6. Feel—terapis merasakan ketegangan tersebut sebagai hambatan gerak (resistance), sehingga dapat secara langsung mengetahui tingkat kekakuan otot pasien. Kemudian, data mengenai sudut gerakan sendi dan tingkat kekakuan otot tangan akan ditampilkan secara visual melalui user interface sehingga memudahkan untuk memantau perkembangan pasien dari waktu ke waktu.
Berbeda dengan alat terapi otomatis yang cenderung menggantikan peran terapis, TheraFeel dirancang secara semiotomatis, agar tidak menghilangkan peran aktif dari terapis. Alat ini membantu mengurangi kelelahan terapis dengan sistem yang responsif dan presisi, namun tetap menjadikan terapis sebagai pusat kendali utama dalam proses terapi.
TheraFeel telah melalui tahap uji coba dan mendapat respons positif dari dosen pembimbing maupun pengunjung pameran.
“TheraFeel dinilai sangat potensial untuk digunakan. Menurut user, algoritma yang diterapkan dianggap aplikatif dan memungkinkan untuk dikembangkan lebih lanjut, termasuk untuk terapi pada bagian kaki,” ujar Kent.

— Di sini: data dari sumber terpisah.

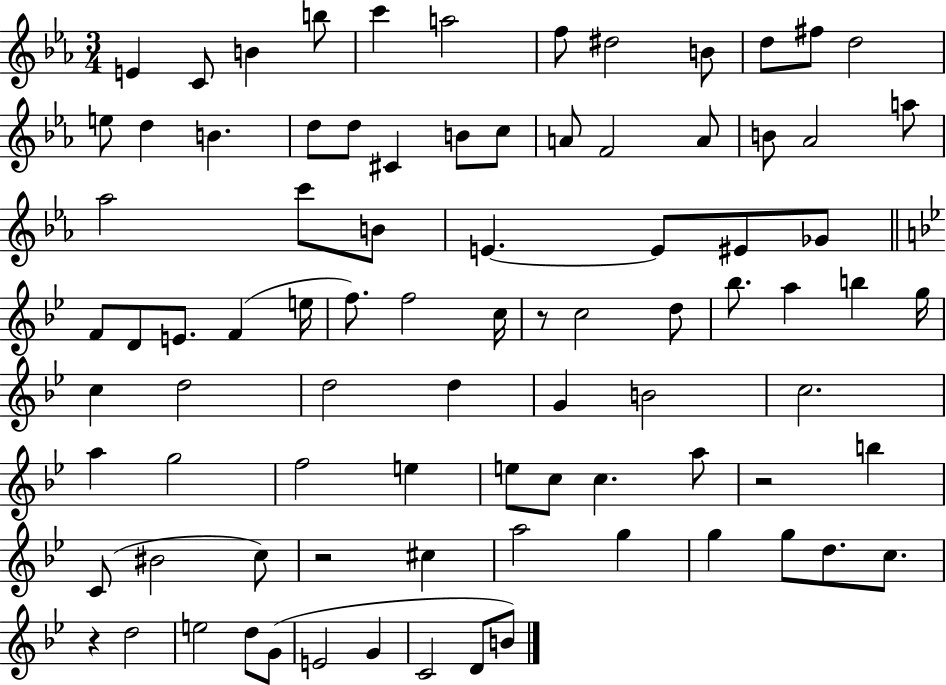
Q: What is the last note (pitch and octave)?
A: B4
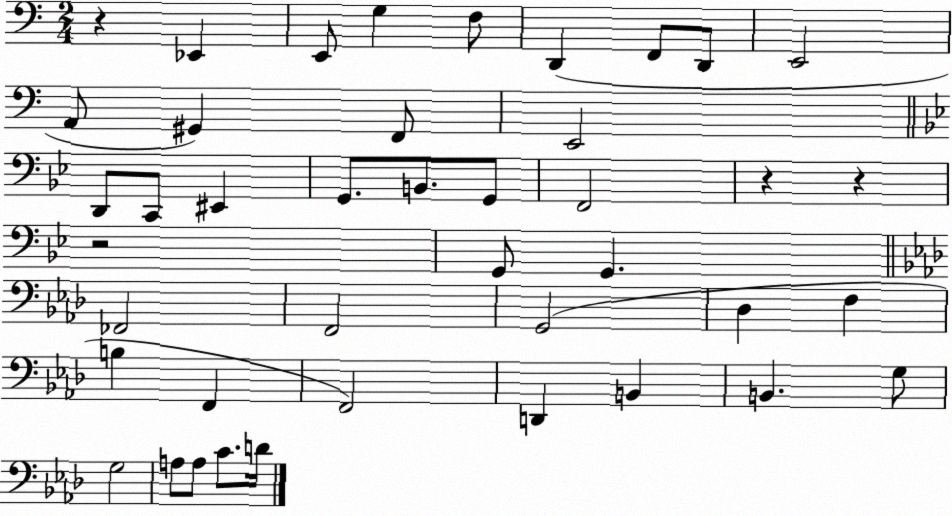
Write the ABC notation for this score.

X:1
T:Untitled
M:2/4
L:1/4
K:C
z _E,, E,,/2 G, F,/2 D,, F,,/2 D,,/2 E,,2 A,,/2 ^G,, F,,/2 E,,2 D,,/2 C,,/2 ^E,, G,,/2 B,,/2 G,,/2 F,,2 z z z2 G,,/2 G,, _F,,2 F,,2 G,,2 _D, F, B, F,, F,,2 D,, B,, B,, G,/2 G,2 A,/2 A,/2 C/2 D/4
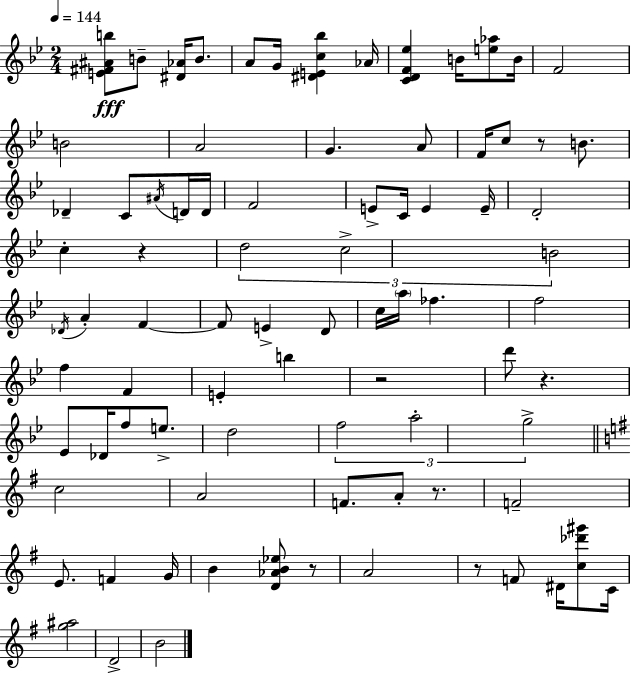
[E4,F#4,A#4,B5]/e B4/e [D#4,Ab4]/s B4/e. A4/e G4/s [D#4,E4,C5,Bb5]/q Ab4/s [C4,D4,F4,Eb5]/q B4/s [E5,Ab5]/e B4/s F4/h B4/h A4/h G4/q. A4/e F4/s C5/e R/e B4/e. Db4/q C4/e A#4/s D4/s D4/s F4/h E4/e C4/s E4/q E4/s D4/h C5/q R/q D5/h C5/h B4/h Db4/s A4/q F4/q F4/e E4/q D4/e C5/s A5/s FES5/q. F5/h F5/q F4/q E4/q B5/q R/h D6/e R/q. Eb4/e Db4/s F5/e E5/e. D5/h F5/h A5/h G5/h C5/h A4/h F4/e. A4/e R/e. F4/h E4/e. F4/q G4/s B4/q [D4,Ab4,B4,Eb5]/e R/e A4/h R/e F4/e D#4/s [C5,Db6,G#6]/e C4/s [G5,A#5]/h D4/h B4/h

Keberhasilan pengembangan TheraFeel tidak lepas dari kerja sama tim yang solid. Kolaborasi yang terbangun dengan baik memungkinkan setiap tahapan yang dilalui berjalan secara efektif dan efisien. Selain itu, partisipasi dalam Electrical Engineering (EE) Day juga menjadi momentum penting bagi tim, bukan hanya sebagai ajang untuk menampilkan hasil inovasi, tetapi juga menjadi ruang belajar, bertukar ide, dan menerima masukan dari berbagai pihak. Dukungan lingkungan yang kolaboratif menjadi bekal berharga bagi tim untuk terus menyempurnakan TheraFeel dan memperluas kebermanfaatannya di masa mendatang.

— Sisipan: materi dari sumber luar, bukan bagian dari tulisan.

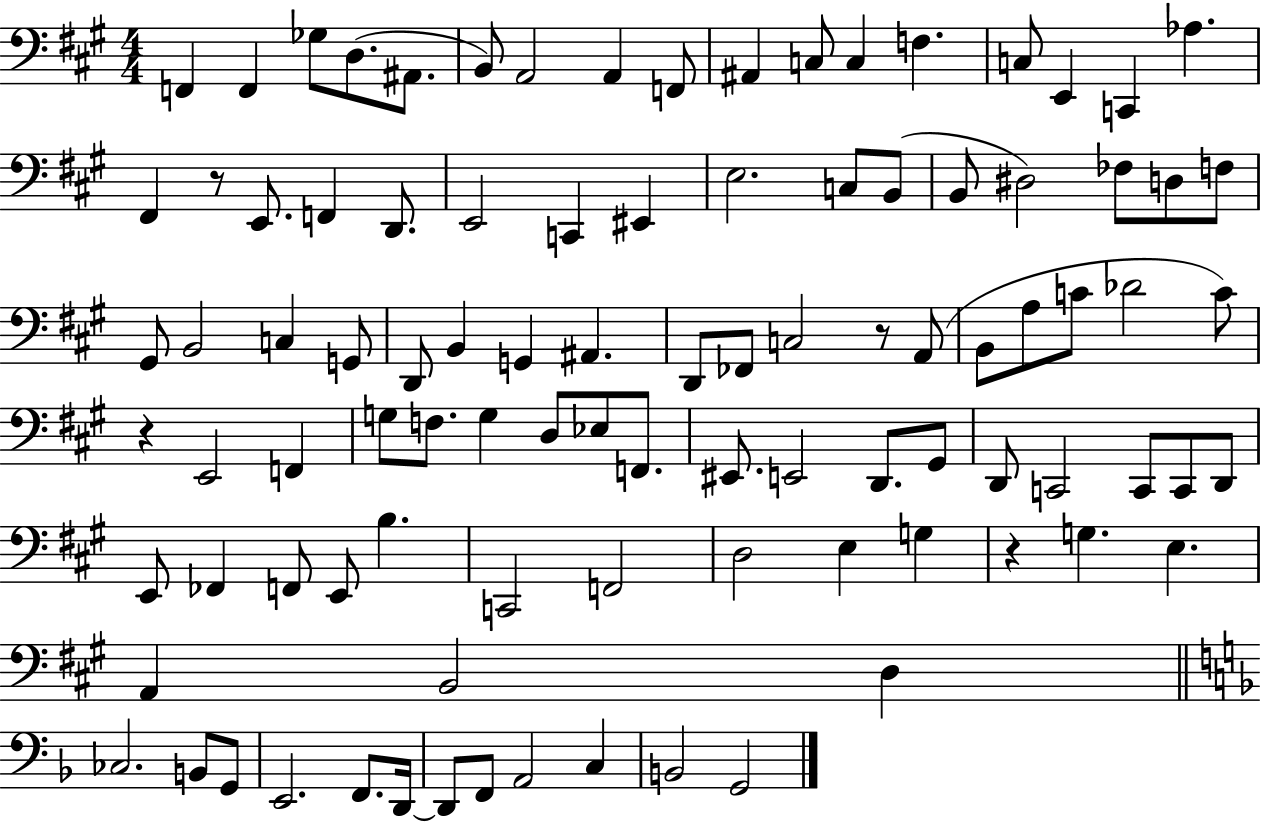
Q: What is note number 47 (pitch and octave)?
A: C4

Inovasi ini membuktikan bahwa dengan semangat kolaborasi dan keberanian untuk mencoba, mahasiswa mampu menghadirkan solusi nyata melalui alat yang tidak hanya fungsional, tetapi juga berdaya guna tinggi bagi masyarakat. TheraFeel hadir sebagai simbol kontribusi generasi muda dalam menjawab tantangan di bidang kesehatan dengan pendekatan yang kreatif dan aplikatif. Langkah ini membuka jalan untuk mengembangkan lebih banyak solusi yang relevan dan berkelanjutan untuk kemajuan sektor kesehatan Indonesia.